Degradation Hierarchy

Design a degradation hierarchy for each critical capability:

Mode	Available Systems	Position Accuracy
Full	INS + DVL + USBL	Decimetre
DVL lost	INS + USBL (periodic)	1–5m
USBL lost	INS + DVL	Grows over time (drift)
DVL + USBL lost	INS only	Degrades rapidly (minutes)
INS degraded	Dead reckoning from last fix	Poor, time-limited
All lost	Abort: surface for GPS fix	—

Each step down reduces capability but maintains safe operation within defined limits.

Propulsion Example

Mode	Available Thrusters	Capability
Full	All thrusters	Full maneuverability
One thruster failed	Remaining thrusters	Reduced, may have asymmetry
Two thrusters failed	Remaining thrusters	Significantly reduced; may abort
Critical thrusters failed	—	Abort: surface

Design Principles for Graceful Degradation

Fault Detection and Isolation (FDI)

The system cannot degrade gracefully if it cannot detect its own failures:

Built-in test — Components self-test on startup and continuously during operation
Redundant sensors — Cross-checking between sensors reveals failures
Plausibility checks — System checks whether sensor readings are consistent with expectations
Watchdog timers — Detect processor hangs and communication timeouts

A failure that goes undetected is more dangerous than a detected failure.

Modular Architecture

Systems with modular, loosely coupled components fail more gracefully:

A failed sensor does not crash the entire navigation system
A failed communication module does not prevent thruster control
Software failures in one module are contained and do not propagate

Functional Priority

Not all functions are equally important.
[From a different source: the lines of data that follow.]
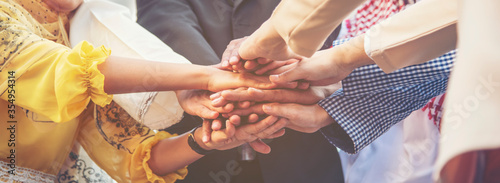 Group of people diversity multiethnic teamwork collaboration team meeting communication  Unified team concept. Business people hands together diversity multiethnic diverse culture partner team meeting photo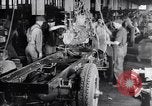 Image of General Motors truck assembly line Pontiac Michigan USA, 1923, second 44 stock footage video 65675036582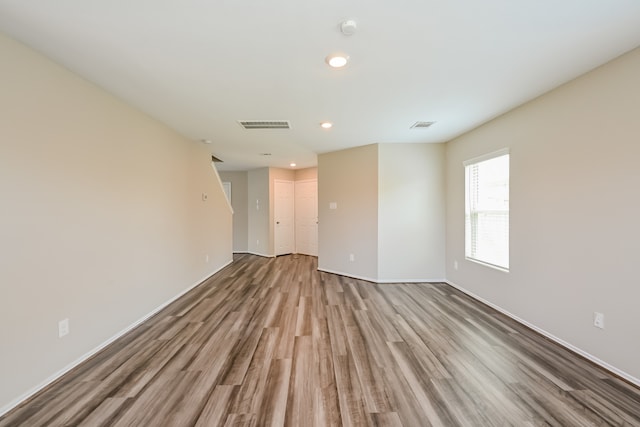 unfurnished room with light wood-type flooring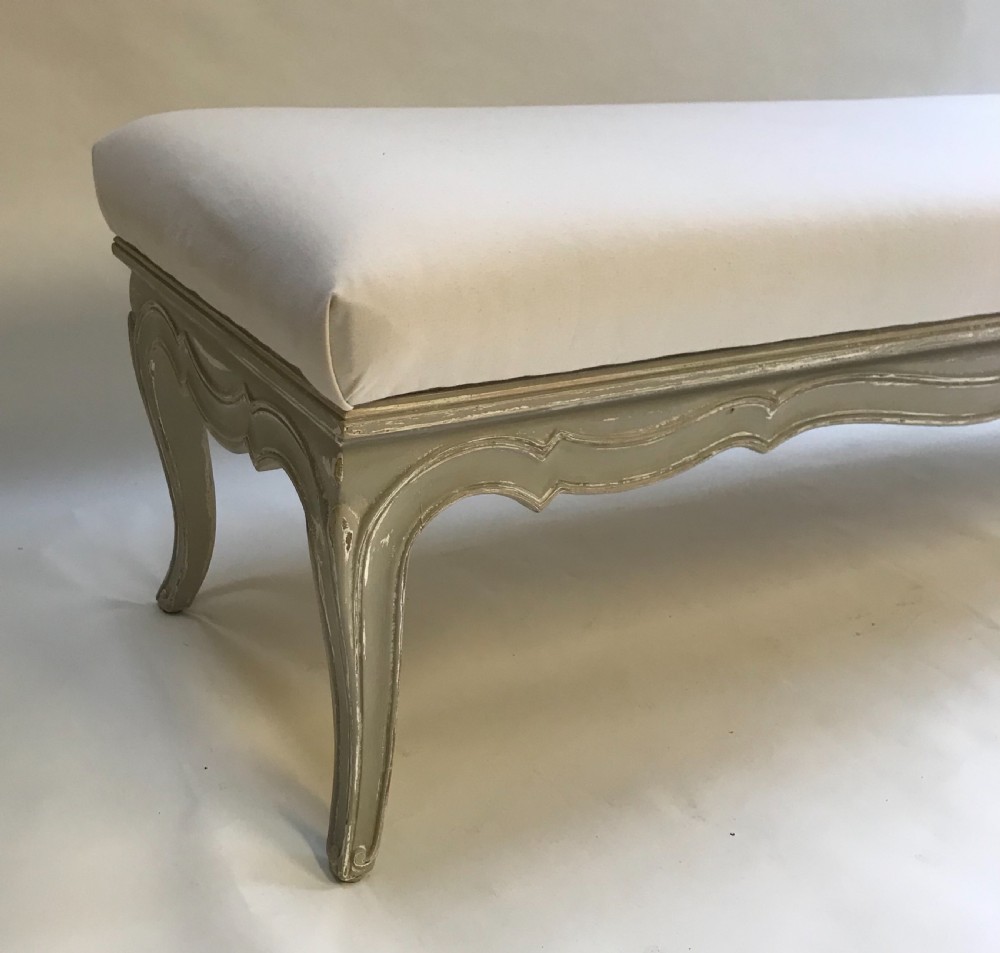 A long French style upholstered stool featuring a painted grey carved wooden frame with cabriole legs and a plain cream fabric top. View IV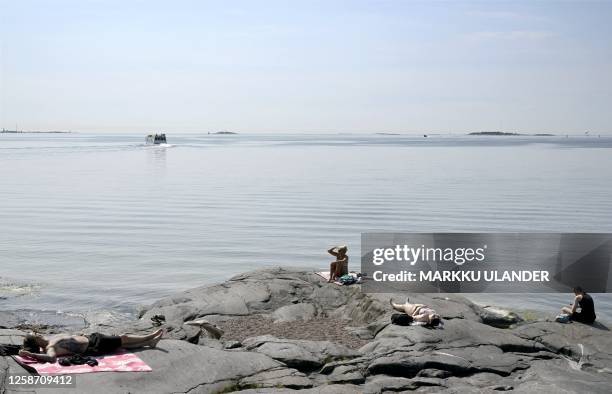 People sunbathe by the sea in Helsinki, Finland, on a hot summer day on June 15, 2023. / Finland OUT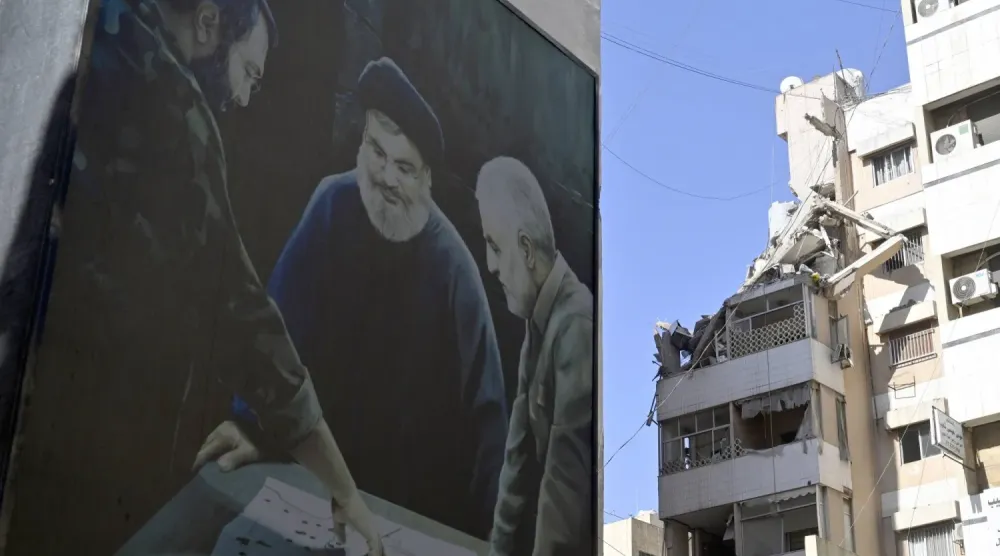 Beyrut’un güney banliyölerinde, Haret Hreik’te İsrail hava saldırısının gerçekleştiği yere yakın bir binada asılı bir pankartta Kasım Süleymani, Hasan Nasrallah ve İmad Muğniye’nin fotoğrafları görülüyor. (Arşiv – EPA)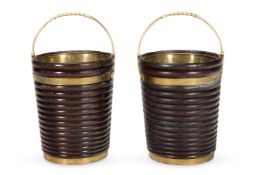 Y A PAIR OF MAHOGANY AND BRASS-BOUND PEAT BUCKETS IN GEORGE III IRISH STYLE, MODERN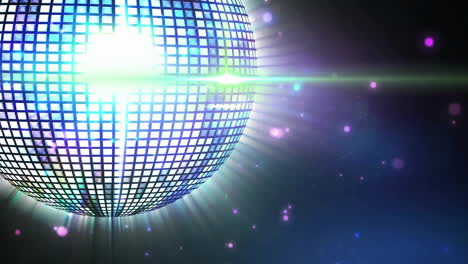 glowing disco ball with colorful lights animation over dark background with sparkles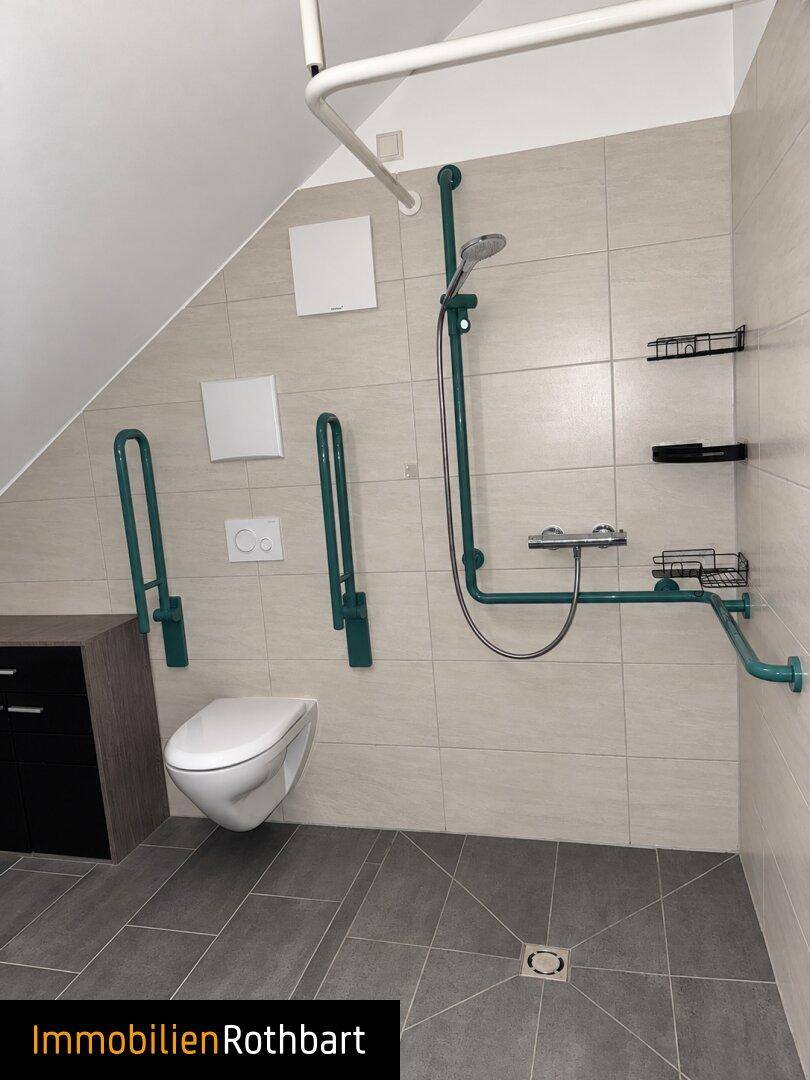Barrierefreies Badezimmer mit Dusche, Wand-WC und Haltegriffen für mehr Sicherheit.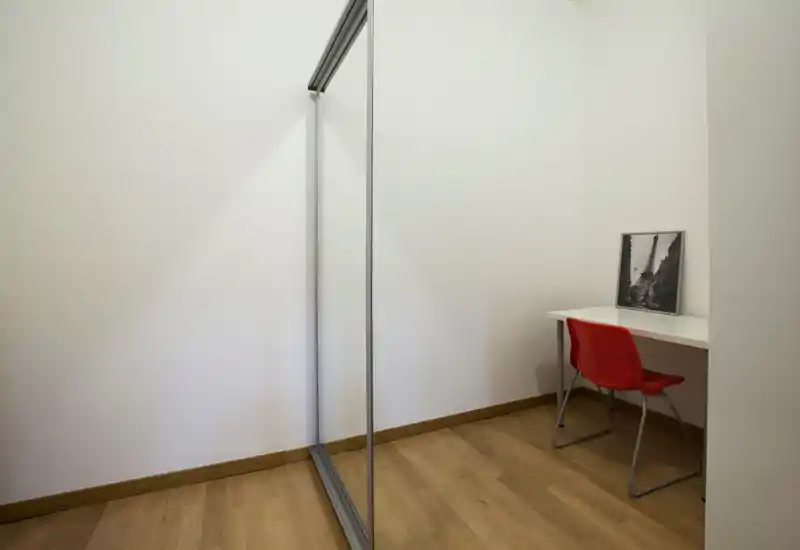 Petit coin de pièce minimaliste avec un bureau blanc, une chaise rouge et une armoire coulissante miroir ; lumineux et prêt à être personnalisé.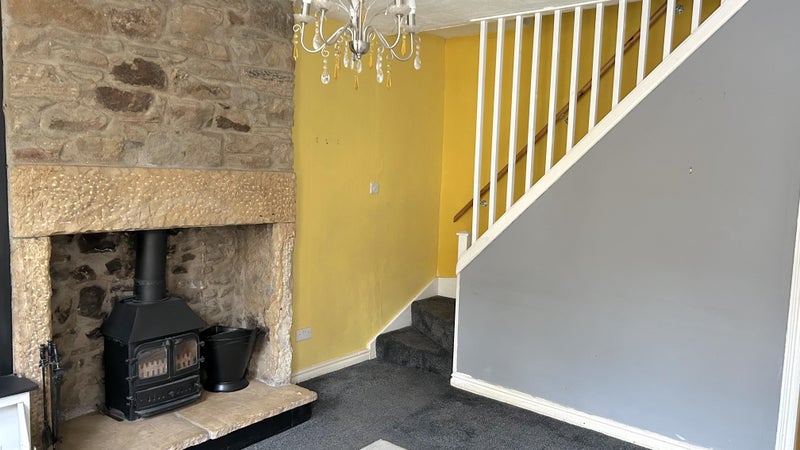 Photo 1: Living room includes wood burner and armchair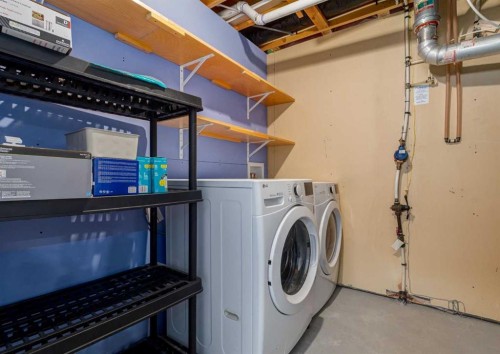137 Tuscany Springs Way Nw, Calgary, AB - Indoor Photo Showing Laundry Room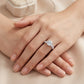 Premium lookbook wear shot of a model's hands gracefully displaying a timeless romantic round gemstone solitaire wedding stacker ring.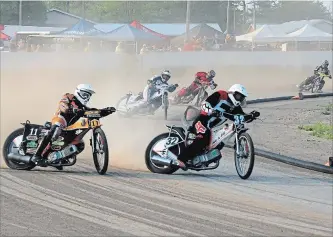  ?? SHELLEY GAMM SPECIAL TO TORSTAR ?? Riders slide into a turn at Welland County Speedway in this 2015 file photo. Track owner/operator Wes Pierce expects that eight to 10 Speedway riders will take part in this Saturday night’s racing program.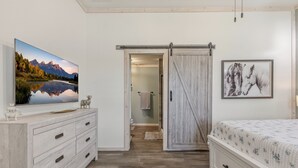 A bedroom with a wooden dresser, a bed with a floral bedspread, a sliding barn door, a framed picture of horses, and a large landscape painting on the wall.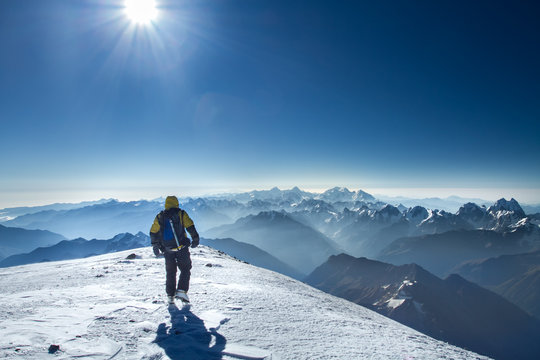 A man stands on top of Mount Elbrus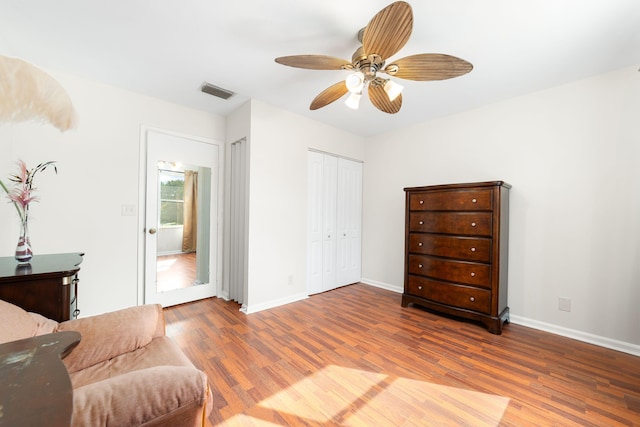 sitting room with visible vents, baseboards, wood finished floors, and a ceiling fan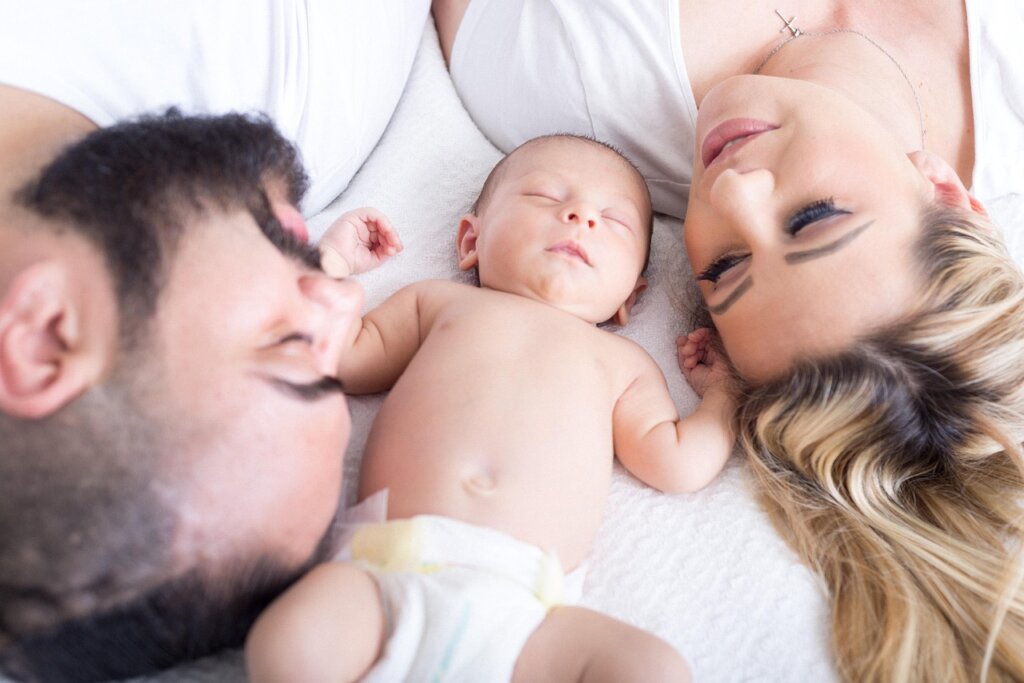 newborn baby receiving medical check at hospital with national happiness card beside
Assign priorities:

Safety functions (obstacle avoidance, emergency ascent) — Must work under all foreseeable conditions
Mission-critical functions (navigation, primary sensors) — Mission continues if these work; abort if they fail
Mission-enhancing functions (secondary sensors, optimisation) — Degrade gracefully without mission abort

When resources (power, processing) are constrained by a failure, lower-priority functions are shed first.

Conservative Defaults

When a sensor or subsystem fails, default to the conservative interpretation:

Unknown obstacle position → assume obstacle is present
Unknown battery level → assume low battery
Unknown communication state → assume communication lost

This is the “fail-safe” principle applied to uncertain state.

Communication Degradation

Acoustic Modem Partial Failure

Acoustic modems have multiple failure modes:

Complete loss — No communication possible; trigger loss-of-comms procedure
Reduced range — Communication works at short range only; adapt mission
High error rate — Retransmission overhead reduces effective bandwidth; reduce communication rate

Prioritised Message Queuing

When bandwidth is reduced, prioritise critical messages:

Safety-critical (abort, position, emergency)
Mission-critical (navigation aiding, task updates)
Telemetry (status, sensor data)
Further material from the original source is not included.